As the St. Louis National Stockyards and its related industries grew and became established, they returned no small dividends for their investors and provided large profits for both livestock owners and meatpacking firms. However, things quickly became more complicated for the yards. The federal government began to push for food regulations and standards, spurred on by Upton Sinclair’s novel The Jungle, which chronicled the meatpacking industry; the administration of President Theodore Roosevelt had begun to oppose what it called the “beef trust”; and the city of East St. Louis had tried to annex the yards, in violation of the agreement it had made with the company prior to the construction of the complex. In order to counter the increasing intervention of government into its affairs, the St. Louis National Stockyards and its related commercial interests incorporated as National City, Illinois, in July 1907. National City was in all respects a company town, as the St. Louis National Stockyards Company owned all the property in the town. The town consisted of two streets a block long, with about 40 houses arranged in four rows on them, a building that served as a church and school, a police/fire station and a store. The village had a population at its height of 300, all of whom were employees of the stockyards. Everything in the town was under the direct control of the company, from the mayor (handpicked by the company, the town only saw three changes of mayor between 1907 and 1982) to the tax assessments. This control enabled the St. Louis National Stockyards Company to efficiently run its own affairs with minimal outside governmental interference such as taxation and regulation. National City was the first industrial suburb outside East St. Louis, and it would set an example to be followed by other major industries in the St. Louis area, establishing such other company towns on the Illinois side of the Mississippi as Granite City (steel), Alorton (aluminum), Sauget (chemicals) and Wood River and Roxana (oil refinery).

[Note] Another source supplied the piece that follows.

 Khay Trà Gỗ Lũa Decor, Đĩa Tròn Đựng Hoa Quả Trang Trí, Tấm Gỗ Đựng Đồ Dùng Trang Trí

===From incorporation through World War II (1907-1947)===

====Continued growth====

Following its incorporation as National City, the St. Louis National Stockyards continued to grow as a livestock and meat processing center. World War I in particular expedited this growth. The Stockyards had numerous government contracts, both for supplying meat and providing horses and mules for use as pack animals. By 1920, National City had 14,000 people working there, and the St. Louis National Stockyards had the largest horse and mule market in the world, which would continue until shortly after the end of World War II. In addition, it placed third among American cattle markets and second among hog markets. In 1919, the total money received by the Stockyards was $8,257,798, illustrating the success of the yards during this time. However, World War I and its immediate aftermath would also cause the beginnings of dramatic changes for the Stockyards and its related operations—changes that would ultimately be the beginning of the end for National City.

====Regulation====

During the first world war, inflation began to play a major toll on the Stockyards. Yardage fees were 20% higher than they had been before the war, and price levels were 60% higher at the end of the war than they had been in 1914. Exchange members increased their fees charged to livestock producers as well and the producers, feeling they were being cut out of wartime profits by these practices and conditions, appealed to the federal government to regulate the industry.

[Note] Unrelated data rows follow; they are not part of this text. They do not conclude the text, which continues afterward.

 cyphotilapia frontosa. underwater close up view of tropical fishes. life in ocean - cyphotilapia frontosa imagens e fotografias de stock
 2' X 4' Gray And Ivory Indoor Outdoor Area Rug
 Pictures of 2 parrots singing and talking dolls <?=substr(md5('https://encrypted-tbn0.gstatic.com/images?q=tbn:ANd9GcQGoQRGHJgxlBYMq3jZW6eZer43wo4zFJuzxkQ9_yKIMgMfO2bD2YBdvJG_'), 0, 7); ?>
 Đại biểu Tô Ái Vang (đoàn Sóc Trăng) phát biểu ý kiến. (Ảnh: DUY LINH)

The federal government responded by passing the Packers and Stockyards Act of 1921. This law gave to the U.S. Department of Agriculture regulatory rights over ownership, trading practices and financial transactions in the stockyard industry. Perhaps most importantly, though, it separated the stockyard and meatpacking industries by forcing the major meatpacking firms to give up their majority interests in stockyard companies. The major business interests in these industries would fight back fiercely against this law’s regulations, to no avail, over the next 20 years. This mandated divorce between the stockyard and meatpacking industries would be the first step toward the decentralization of both industries later in the 20th century—a major factor in the decline of National City. However, another major factor evolving in the market during this period would have an even greater impact on National City and hasten its demise: the truck.

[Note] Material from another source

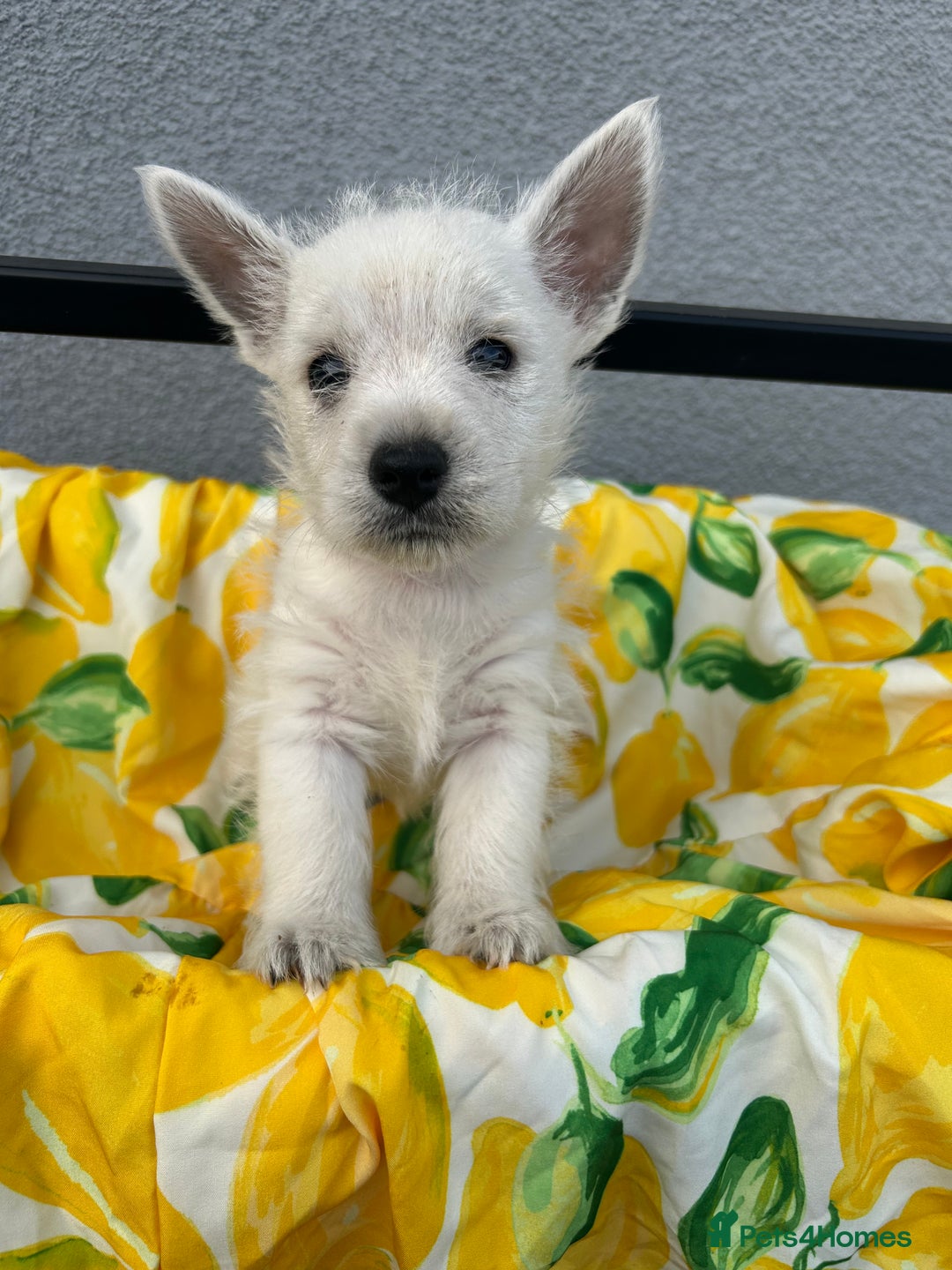 West Highland Terrier dogs for sale: West highland terrier puppies  - Image 11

====From railroad to truck: transportation evolves====

The first truckload of hogs rolled into National City in 1921. It would not be the last. Over the next two decades, trucks would gain a greater and greater percentage of the volume of animals delivered to the Stockyards, gradually supplanting the formerly powerful and important railroads as the most important mode of shipment for the yards. By 1938, 60% of the livestock shipped to National City came by truck, and by 1952, that number would grow to 99% of hogs and 84% of all other animals. Following World War II, the Stockyards would respond to the evolution of the nation’s transportation network and the increasing mechanization of industry. The yards were converted to handle truck traffic, and the last auctions of work horses and mules took place in 1948, as those animals became obsolete with the increasing ubiquity of farm machinery. This shift from railroad-based shipping to truck-based shipping would threaten the terminal livestock markets across the nation as the livestock and meatpacking industries evolved right alongside the transportation network.

====Labor issues====

Another major change that affected National City during the first half of the 20th century was the unionization of packinghouse workers. Originally, the packinghouses—and the Stockyards themselves—had targeted immigrants who would work cheap to man their operations. The “de-skilling” of labor on the assembly lines of the packinghouses meant that workers could be hired with no experience and without even being able to speak English to work for a fraction of what it might cost to pay domestic workers. National City advertised in Europe, soliciting immigrants primarily from Eastern Europe to come to the U.S. to work in the packinghouses. Many thousands arrived in National City and the surrounding area, establishing themselves and making their living in the meatpacking plants. The poor working conditions and low pay of the packinghouses and the rise of unionism during this period, however, ultimately led the packinghouse workers to organize and resist their employers, seeking better wages and working conditions.

Of course, the major meatpacking firms opposed this trend. Apprehensive of a unified, well-organized labor force, meatpackers—like many other industrialists of this period—hired people from many diverse, non-English-speaking ethnic groups in order to hinder the organization of their employees into unions. Another tactic used by the meatpackers was to bring in African-Americans from the South as replacement workers to create tension and discourage unionization and strikes. This latter move played a major role in causing the infamous East St. Louis Race Riots of 1917. However, the packers were not ultimately able to quell the fires of unionization, and by the 1950s virtually all the industries in National City—packinghouses, railroads, etc.—had become union workplaces. This led to increased wages and improved working conditions, including shorter workdays, as well as periodic strikes. These changes in management/labor would eventually play a major role in the packing companies choosing to relocate to the countryside in search of cheaper, nonunion labor.

===Decline (1947-1997)===

====The industry changes====

The peak year for the National City Stockyards came in 1947, with 1,860,000 cattle—in addition to other animals—being unloaded there. The Stockyards continued to do well through the 1950s. Receipts of cattle vacillated during this decade, but National City competed for first in the nation in hog receipts, eventually surpassing Chicago and Omaha to become the largest hog market in the world in 1954 and earning East St. Louis the epithet “Hog Capital of the Nation”. However, though National City would continue to dominate the hog market for the next decade, its fortunes were changing with the market. The advent of the truck—and later, the interstate highway system—coupled with rising labor costs connected to unionization and the antiquation of outdated factories was causing the meatpacking industry to decentralize and relocate away from centralized terminal markets such as National City to rural areas, where it could find cheaper, nonunion labor, build new factories close to the livestock producers and buy directly from them, thus eliminating the middleman of the stockyard industry and cutting costs.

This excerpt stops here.